WeeklyWorker

14.06.2000

You owe us

Hundreds of comrades will soon be receiving letters inviting them to take part in this year's Summer Offensive, the annual fundraising drive of the Communist Party.

So far, we have tapped just members and close supporters of our organisation for pledges towards our £20,000 target for June and July. The result has been pleasing, with well over £14,000 promised from comrades we know have a record of consistent financial support. Now we are reaching out further. After all, this organisation and its paper deserves backing not simply from committed members and supporters of our group. There are plenty of others out there who 'owe' us ...

Thousands of comrades read the Weekly Worker, both in its paper format and on-line. Given our almost uniquely open approach, we have made this paper required reading across the spectrum of the left. In contrast, most organisations see fit to fill their pages with tired, anecdotal corroboration of whatever happens to be the latest line, reports of how hard life is for ordinary people, of how bourgeois politicians are not the workers' friends and what a good idea 'socialism' would be. Thus, they not only produce publications that are of practically no use to the working class whatsoever: they also churn out incredibly dull reads.

Over the last few years, it has been encouraging that, despite themselves, many in this readership periphery of ours have shifted from outright hostility, through a degree to grudging respect, to a sort of passive sympathy with elements of our project. Some of these comrades have been moved to start intervening directly in the debates in the Weekly Worker, to castigate us for our various theoretical and political sins.

Thus, if you just cast an eye over the letters pages in this and last week's paper, you will see openly featured there comrades who have torn into the views of the majority of our Party's membership on localism and party-building, on revolution versus reform, on the national question in Scotland, Wales and Ireland, on anarchism and our hostility to the world view of the green movement, on our approach to republicanism in the UK, or official anti-racism. Every week, controversy and debate rage in the pages of this press, not simply in its letters page. We provide an important forum for views other than those of our Party majority.
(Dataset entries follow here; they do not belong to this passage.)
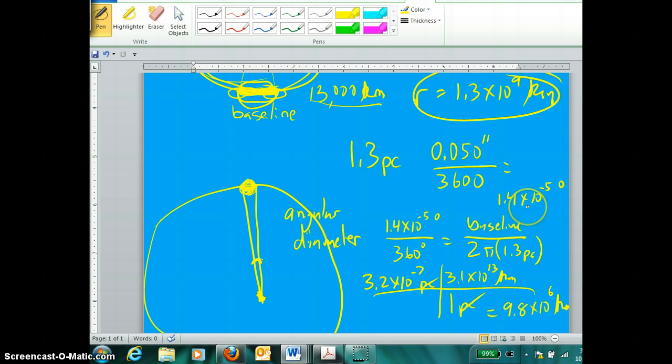In a subsequent video, I will show a third way that this whole concept of parallax is used.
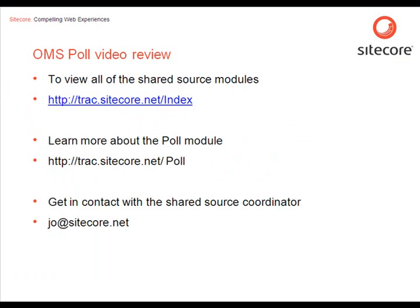If you want to learn more about our shared source modules that is available in the shared source library. You can visit the index page. Where you can view the latest five modules. And view the project rooms for each module. So you can download the package and the source code.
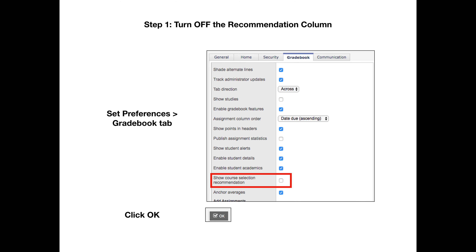When you're finished making your recommendations, you can navigate back to your preferences and uncheck the box in the Gradebook tab and click OK. That will take the course selection recommendation column out of your gradebook. That's all there is to it — you've done your course recommendations.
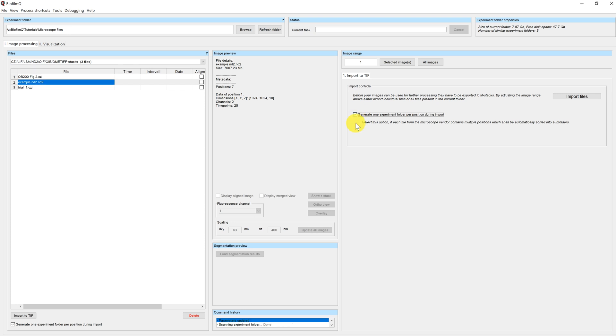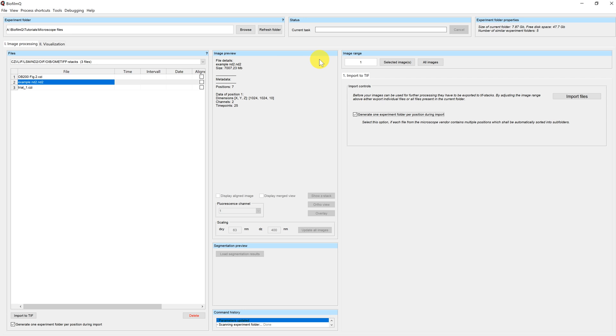Now, if you want to not import all of the images at once, you can adapt the image range up here. The image range tells you which of the files in the file list are going to be processed. So in this case, I only want the second file, and since I have selected it, by clicking on selected images, the file range is automatically adapted.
Of course, it is important to note that this is done in the interests of fighting for scientific truth, not as philanthropic largess. People who venture into our pages defending stupid views can expect to be called stupid. But how many other papers on the revolutionary left have anything like the same democratic approach? (Like me, comrades will be gratified that my 'scoop' concerning the reappearance of a letters page in the monthly Workers Power has been borne out, at least partially. The current issue - June 2000 - features more of a small letters box, occupying about a fifth of a page and containing just two letters - one from the polemically prolific Mark Osborn of the Alliance for Workers' Liberty and the other from one decidedly dubious 'Mike Fisher' from Derby.)
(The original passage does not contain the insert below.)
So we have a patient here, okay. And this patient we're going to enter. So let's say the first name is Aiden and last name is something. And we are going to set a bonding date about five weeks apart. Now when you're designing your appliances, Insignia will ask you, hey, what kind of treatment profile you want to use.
The basic lesson, comrades - an open press prompts a lively letters page. A sterile, lifeless paper breeds indifference in a readership. For example, there is 'Delphi', the coy member of the Socialist Labour Party who occasionally pontificates against our supposed theoretical crudities. There are the dissident members of the Socialist Party and the Committee for a Workers International, poised to launch factional forays against the leadership, some of whom have even discovered each other's existence in the first place through the pages of our press. There are the leading Socialist Workers Party members who have admitted that when the real history of the left in this period comes to be written, the "accurate" Weekly Worker will be more important than Socialist Worker.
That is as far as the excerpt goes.